> [What is being asked]:
Using the records below, give again exactly the lines from the line that contains "Coast Lace And" through the line that contains "La Realidad Virtual iconos", both ends included, and only those.

> [Records for this exercise]:
────

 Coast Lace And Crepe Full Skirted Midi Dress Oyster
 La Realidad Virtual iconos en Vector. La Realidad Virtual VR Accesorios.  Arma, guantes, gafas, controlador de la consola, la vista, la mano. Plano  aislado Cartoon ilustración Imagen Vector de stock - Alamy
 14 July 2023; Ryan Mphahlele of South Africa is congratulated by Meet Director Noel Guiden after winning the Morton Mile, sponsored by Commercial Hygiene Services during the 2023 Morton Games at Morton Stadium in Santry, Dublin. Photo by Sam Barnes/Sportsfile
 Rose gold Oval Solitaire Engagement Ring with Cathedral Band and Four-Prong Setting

────

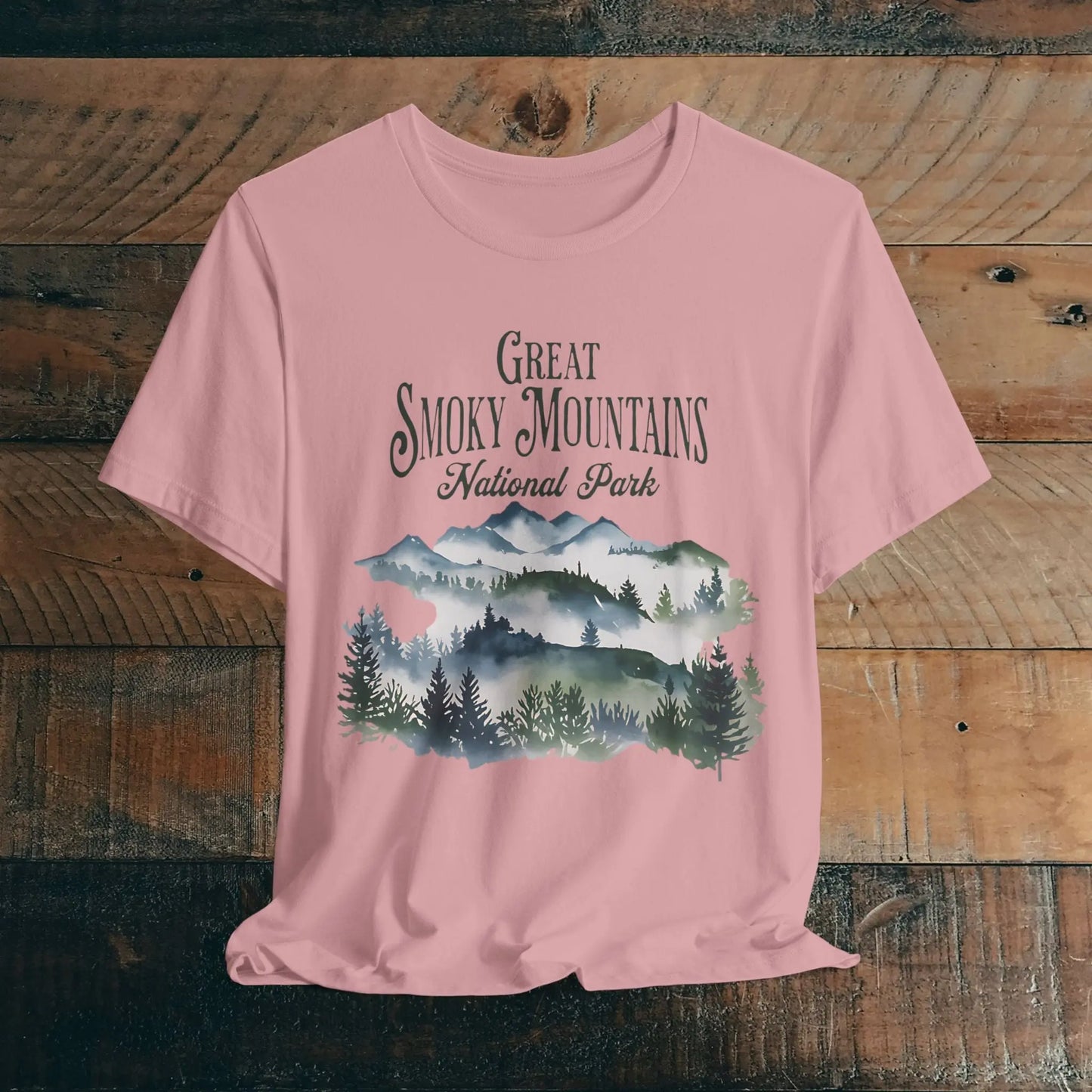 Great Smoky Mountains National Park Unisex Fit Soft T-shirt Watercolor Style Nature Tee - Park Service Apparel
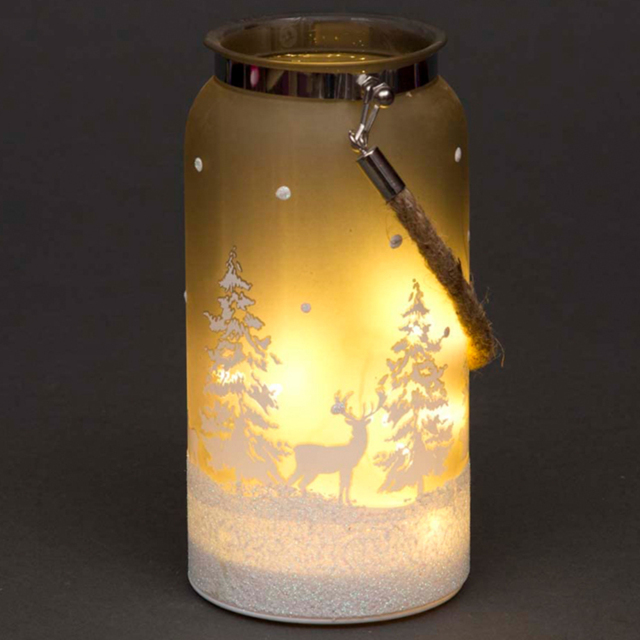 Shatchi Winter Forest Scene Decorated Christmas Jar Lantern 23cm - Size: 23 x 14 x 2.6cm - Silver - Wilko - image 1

────

> [Solution to this exercise]:
 Coast Lace And Crepe Full Skirted Midi Dress Oyster
 La Realidad Virtual iconos en Vector. La Realidad Virtual VR Accesorios.  Arma, guantes, gafas, controlador de la consola, la vista, la mano. Plano  aislado Cartoon ilustración Imagen Vector de stock - Alamy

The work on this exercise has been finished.